2023-06-03

An EU-Ukraine front: is the gamble worth it?

Ukraine has appealed to the European Union not to extend temporary import curbs on its grain and oilseeds that are due to expire on Monday. The EU in late April effectively ratified import curbs imposed by a group of Eastern member countries led by Poland. Is the gamble worth it? Reportedly, it was an attempt to clear a massive supply glut that built up after Russia invaded Ukraine last year and blockaded the agrarian nation’s main export route to the world markets via the Black Sea.

At a European summit in Moldova, Ukrainian President Volodymyr Zelenskyy urged the EU to unconditionally lift export restrictions on Ukrainian agricultural products. Ukrainian Agriculture Minister Mykola Solskyi told POLITICO there is a very big risk that Russia would take advantage of discord in the bloc to disrupt the UN-brokered deal that has allowed some Ukrainian shipments through the Black Sea.

Russia’s invasion of Ukraine and blockade of its Black Sea ports in February 2022 trapped grain stocks in the country, one of the world’s biggest exporters, and pushed up global food prices. The EU set up overland corridors through Eastern Europe in March. In July, the UN and Turkey brokered a Black Sea grain deal to allow safe passage for some Ukrainian shipments through the Black Sea.

Since the EU’s solidarity lanes were established, imports of Ukrainian agricultural products into Bulgaria, Hungary, Poland, Romania, and Slovakia have soared, reportedly distorting local markets. Farmers and commodity traders, eyeing rising food prices, also hoarded grain, growing the glut.

On April 15, the governments of these countries, led by Poland, introduced bans on certain Ukrainian agricultural exports. The Commission then negotiated a compromise that effectively legalized the bans and offered the countries cash. Poland, the homeland of EU Farm Chief Janusz Wojciechowski, is the biggest recipient.

Wojciechowski said at Tuesday’s Agrifish Council that the restrictions should be extended at least to October, to allow the five countries to clear the decks. “Without these measures, we will have a huge problem during the harvest in these frontline member states”, he told journalists.
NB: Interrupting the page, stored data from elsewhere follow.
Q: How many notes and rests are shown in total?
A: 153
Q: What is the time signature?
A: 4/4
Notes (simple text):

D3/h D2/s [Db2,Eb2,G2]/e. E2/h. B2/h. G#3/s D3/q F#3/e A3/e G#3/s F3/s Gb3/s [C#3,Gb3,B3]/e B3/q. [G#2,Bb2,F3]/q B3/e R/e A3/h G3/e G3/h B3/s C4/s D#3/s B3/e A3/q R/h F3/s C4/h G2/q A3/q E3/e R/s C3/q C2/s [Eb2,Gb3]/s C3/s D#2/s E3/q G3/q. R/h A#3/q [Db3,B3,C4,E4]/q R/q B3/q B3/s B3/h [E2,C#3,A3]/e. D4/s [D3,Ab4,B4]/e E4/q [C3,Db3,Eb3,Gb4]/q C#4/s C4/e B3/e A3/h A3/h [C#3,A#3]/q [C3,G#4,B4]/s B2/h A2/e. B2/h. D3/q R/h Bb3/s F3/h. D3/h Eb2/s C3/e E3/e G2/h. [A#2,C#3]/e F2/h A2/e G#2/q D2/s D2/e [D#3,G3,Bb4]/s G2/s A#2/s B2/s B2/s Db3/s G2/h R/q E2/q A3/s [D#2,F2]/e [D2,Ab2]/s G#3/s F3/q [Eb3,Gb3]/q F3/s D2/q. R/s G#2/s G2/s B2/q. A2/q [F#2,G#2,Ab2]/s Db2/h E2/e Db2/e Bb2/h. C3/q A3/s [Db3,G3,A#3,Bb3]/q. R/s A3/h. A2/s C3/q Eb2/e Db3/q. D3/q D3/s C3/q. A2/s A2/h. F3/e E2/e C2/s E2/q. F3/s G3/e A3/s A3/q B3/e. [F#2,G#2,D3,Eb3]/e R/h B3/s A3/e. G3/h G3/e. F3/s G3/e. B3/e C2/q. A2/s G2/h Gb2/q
In 2022, Ukraine exported about €7 billion worth of agricultural products to neighboring countries, around half of which was grain. Pointing the finger, Solskyi said that Wojciechowski’s push for the extension is driven by Polish domestic politics. Ukraine’s exports meanwhile are expected to fall by about 40 percent this year. A widely held view in EU policy circles wows that the farm commissioner, a senior figure in Poland’s ruling party, is backing his home team ahead of a general election due this fall.

Ukraine may be forced to impose retaliatory measures against Poland if the grain import curbs are extended, Deputy Economy Minister Taras Kachka said. “We may block imports of Polish cheese to Ukraine”, Kachka told POLITICO. Adding, however, that “now is not the time for trade wars when we have actual war”.

The much bigger problem is the Black Sea grain deal, Solskyi explained.

Ukraine’s Black Sea ports remain the biggest export route for agricultural products. More than 30 million tons of grain have so far been exported under the initiative, easing pressure on global food prices and staving off starvation for countries in Africa and elsewhere bearing the brunt of the world’s food crisis.